Start of MATERIAL PROVIDED
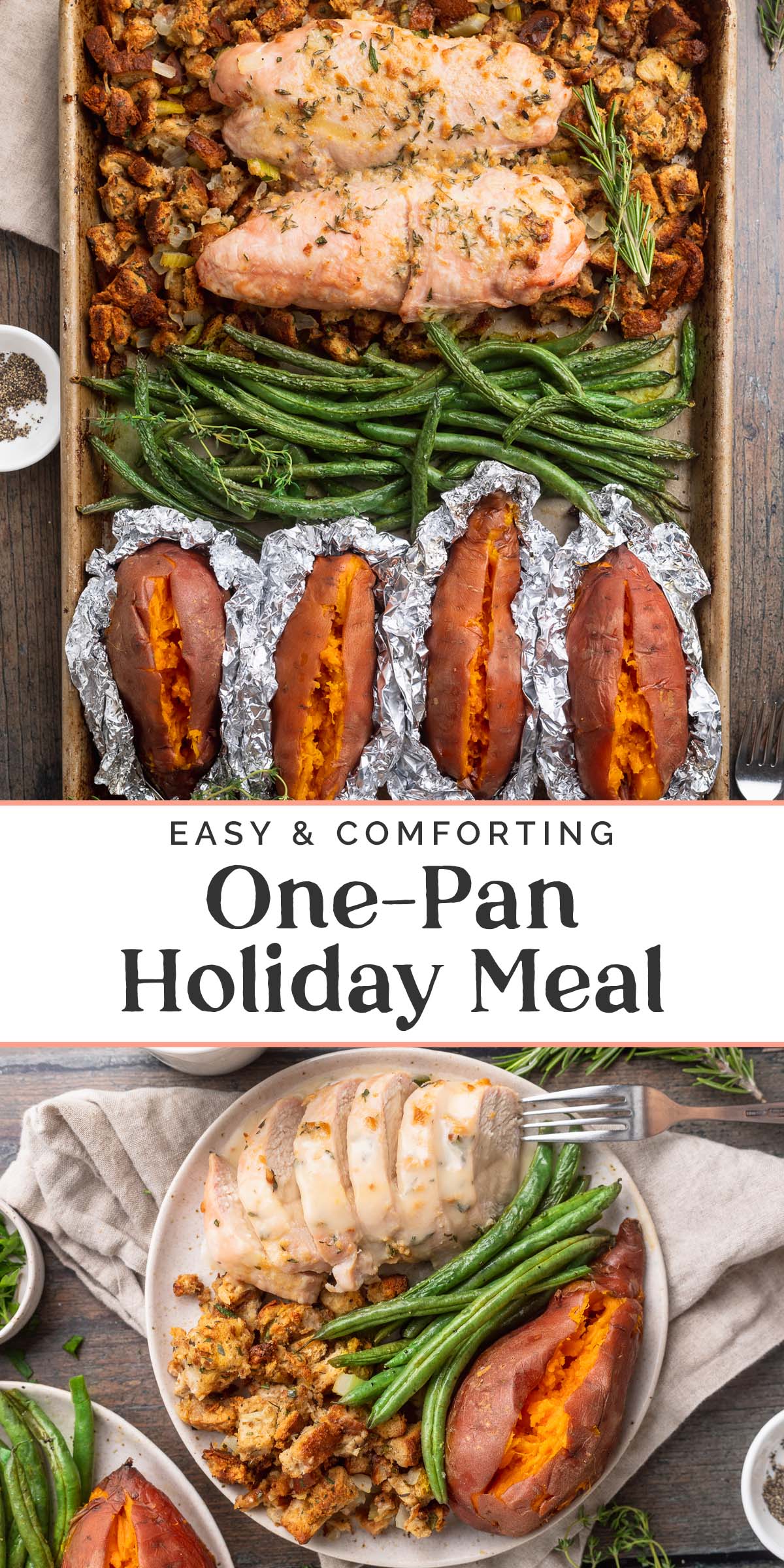 Pin graphic for one-pan holiday meal.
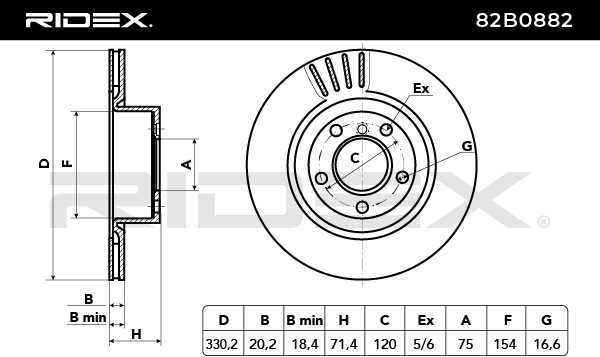 RIDEX 82B0882 Brake Disc - rear axle (pair)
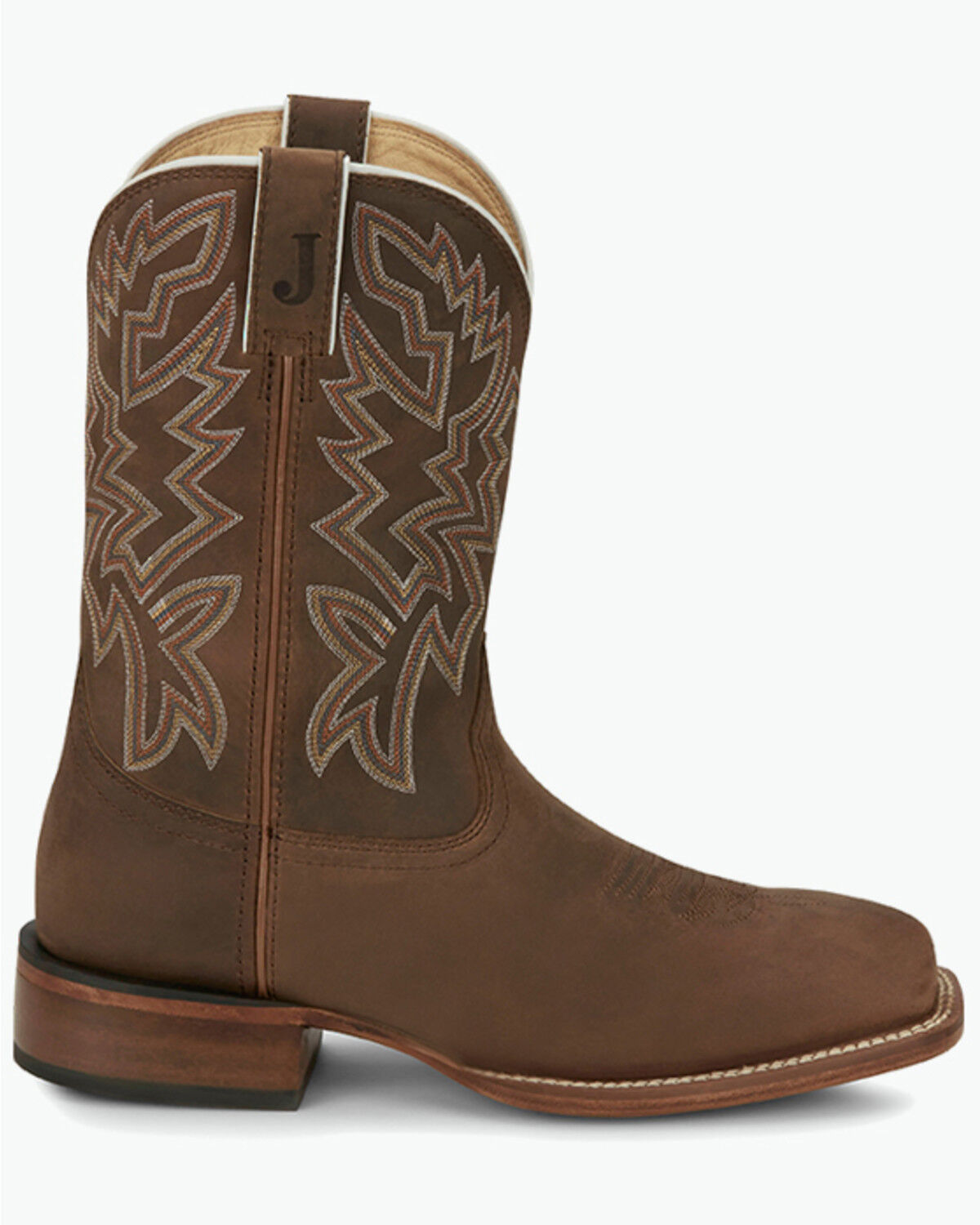 Image #2 - Justin Men's Frontier Western Boots - Broad Square Toe, Brown, hi-res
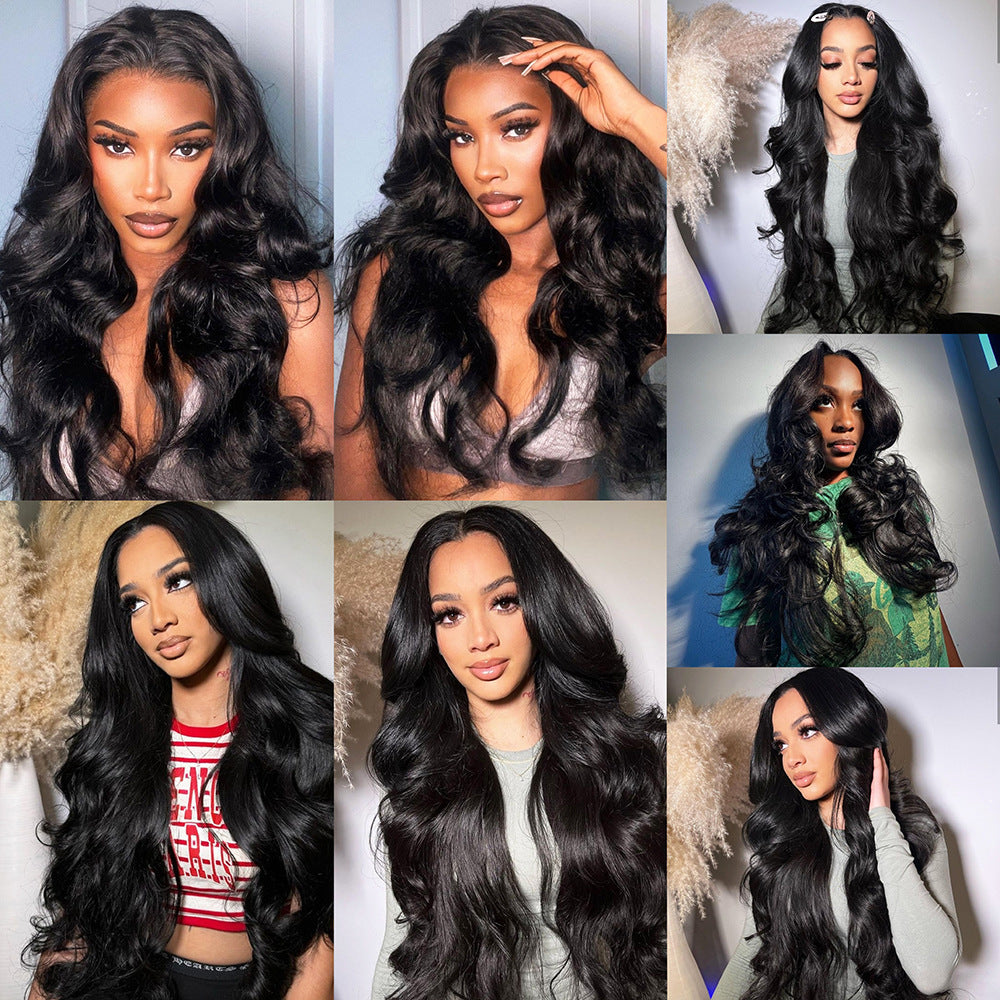 Women's Long Curly Hair Mid-length Large Wave Front Lace Synthetic Wigs
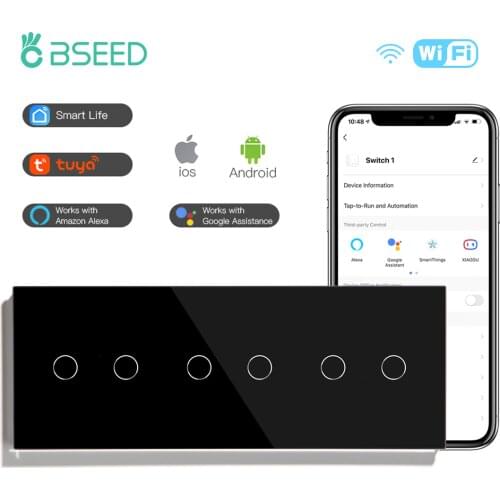 BSEED WIFI Touch Light Switches Smart Sensor Wall Switches Google Alexa Smart Life App 6Gang 1/2/3way Light Switches Alexa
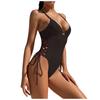 Women's One Piece Swimsuit Solid Color Beachwear Lace Up Side Design Adjustable Straps Padded Cups Swimwear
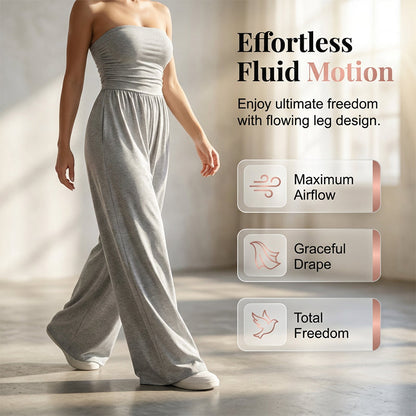 👗 Combinaison élégante sans bretelles à jambes larges – Look estival parfait pour la plage & le dîner !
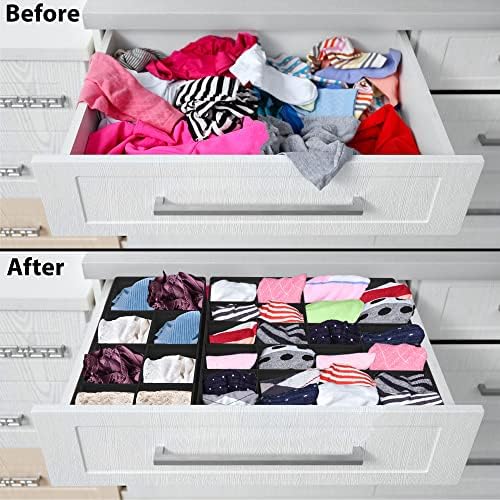 Simple Houseware 4-Pack Drawer Organizer Set for Underwear/Socks/Bra, Black | Closet Dividers for Underwear, Socks, Bras, Scarves, Ties - Foldable Non-Woven Storage Boxes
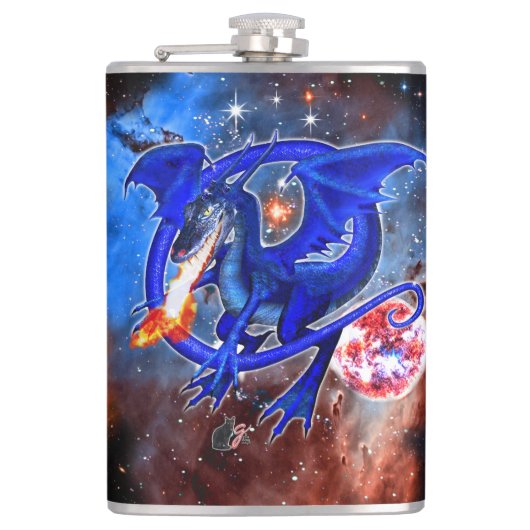 Azurite Cosmic Dragon Heupfles (Voorkant)
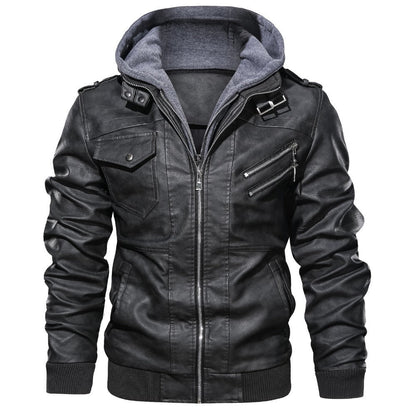 Herren Jacke mit Kapuze in Leder-Optik Reißverschlüssen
End of MATERIAL PROVIDED
### PROBLEM DETAILS
Starting with the line that contains "BSEED WIFI Touch", print every line through the end of the data exactly as written; omit all pictures and add nothing else.

### WRITTEN ANSWER
 BSEED WIFI Touch Light Switches Smart Sensor Wall Switches Google Alexa Smart Life App 6Gang 1/2/3way Light Switches Alexa
 Women's One Piece Swimsuit Solid Color Beachwear Lace Up Side Design Adjustable Straps Padded Cups Swimwear
 👗 Combinaison élégante sans bretelles à jambes larges – Look estival parfait pour la plage & le dîner !
 Simple Houseware 4-Pack Drawer Organizer Set for Underwear/Socks/Bra, Black | Closet Dividers for Underwear, Socks, Bras, Scarves, Ties - Foldable Non-Woven Storage Boxes
 Azurite Cosmic Dragon Heupfles (Voorkant)
 Herren Jacke mit Kapuze in Leder-Optik Reißverschlüssen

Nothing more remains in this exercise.